"Livable wage" scores victory, picks up steam

by Fred Gaboury

This article was reprinted from the June 22, 1996 issue of the People's Weekly World. For subscription information see below. All rights reserved - may be used with PWW credits.

JERSEY CITY, N.J. - On June 13 Jersey City joined the list of cities raising the minimum wage firms doing business with the city must pay their employees. Under provisions of a "living wage" ordinance adopted unanimously by the city council on June 13, contractors must pay employees at $7.50 per hour and set aside another dollar an hour for health and other benefits.

In testimony prior to passage of the measure, housing activist Lee Barile told the city council the living wage ordinance was "the beginning of the struggle to shift priorities away from profits over people to people before profits."

Barile said the minimum wage was the product of struggle and should reflect what it takes for "a worker and his/her family to live." The minimum "is not for all time, but changes with historical conditions," she told the council.

Jersey City now joins Baltimore in enacting a living wage ordinance, while the state legislatures of Vermont and Delaware raised the minimum wage earlier this year.

Living wage campaigns are underway or are planned in 20 cities and at least three states. Jerry Husgen, legislative and political director of Teamsters Joint Council 13 said he was confident that an initiative measure to raise the Missouri minimum to $6.25 an hour in 1997 and by 25 cents each year through 1999, will secure enough signatures to make the November ballot.

"We plan on collecting 120,000 signatures in order to guarantee the needed 85,000 by July 5," he told the World in a telephone interview. Husgen said the situation was "made more difficult" by the requirement that at least 8,500 valid signatures had to be collected in each of at least six congressional districts."But we'll make it," he added, "we've begun attracting attention lately."

Husgen said some of the attention had come from Allied Industries, a business organization in St. Louis. "They're telling people that Council 13 is bankrolling the effort - that we put $10,000 into the campaign. That's not true," he said, indignantly. "It's $20,000. Make sure you quote me correctly!"

Like others interviewed by the World, Husgen says the campaign for a livable wage "dovetails with the AFL-CIO's "America Needs a Raise" campaign and is a "component of the fight to break the right-wing stranglehold on Congress.

In Montana, collecting the required 21,000 signatures on the initiative measure to raise the state minimum wage 50 cents a year through the year 2000 is no longer a problem for Don Judge. "We've already got them and the deadline is July 15," Judge, executive-secretary of the Montana State AFL-CIO, said.

Judge said he expects the vote on the initiative to impact on the careers of a number of members of the state legislature. "An increase in the minimum wage was defeated twice in the legislature and polls show that 75 percent of Montanans support an increase - so yes, I expect some tie-in between the two." he told the World.

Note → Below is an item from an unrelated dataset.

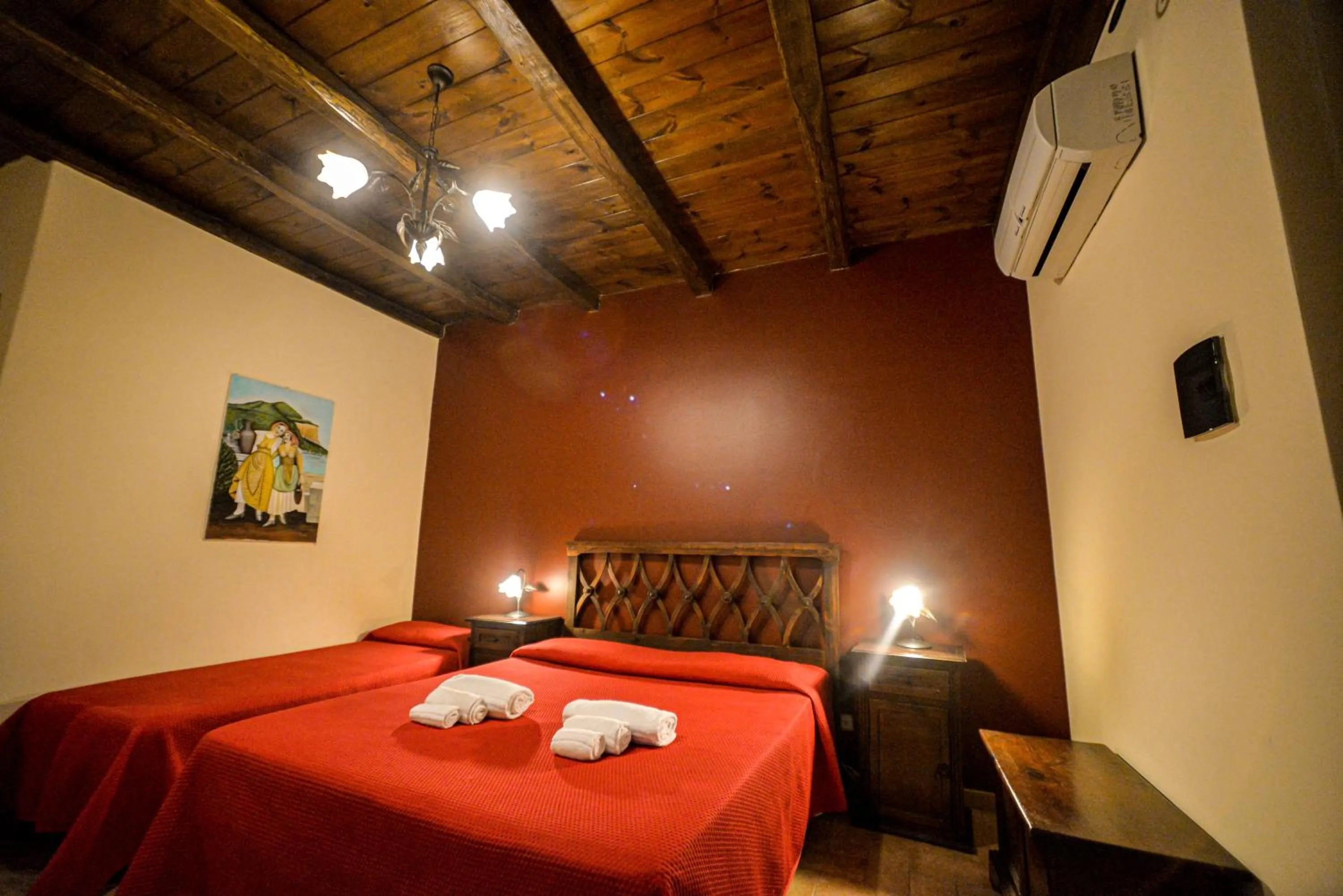 Bedroom, Bed in IL Ciliegio Dell 'Etna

The most ambitious effort - an initiative measure to raise the minimum wage to $5.00 an hour in 1987 and $5.75 in 1988 - is in California. There the State Labor Federation is heading up a coalition that turned in 775,000 signatures in April, nearly double the needed 438,000 valid signatures.

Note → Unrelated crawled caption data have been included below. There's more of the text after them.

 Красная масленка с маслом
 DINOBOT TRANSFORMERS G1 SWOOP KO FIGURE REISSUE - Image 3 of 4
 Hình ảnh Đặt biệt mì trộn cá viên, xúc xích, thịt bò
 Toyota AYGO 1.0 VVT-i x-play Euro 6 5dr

Deanna Mason, manager of the Livable Wage Coalition office in northern California, and a veteran of initiative campaigns said she had never seen people "line up to sign petitions like they did with this one."

Minimum wage/Living wage campaigns fall into two categories: State-wide efforts to raise the minimum wage for all workers as in California and local campaigns to establish a minimum for contractors doing business with local government as in Jersey City, Baltimore, Milwaukee and a number of other cities. In many instances - the three cities mentioned, for example - local living wage efforts have been been "legislative campaigns," i.e., forcing city councils or county commissions to pass ordinances.

In other cities - Albuquerque, Denver and Houston and the states mentioned above - the issue is being taken directly to the people by use of ballot initiatives to put the measure on the November ballot.

The Rainbow Coalition lists several arguments for the initiative approach to winning the battle for a living wage obstacles: 1) It is popular. 2) It bypasses legislative and increases overall political pressure on a key issue. 3) Ballot measures on progressive economic issues can "re-connect" with working class voters, increase voter turnout on "our side" and redefine the political landscape.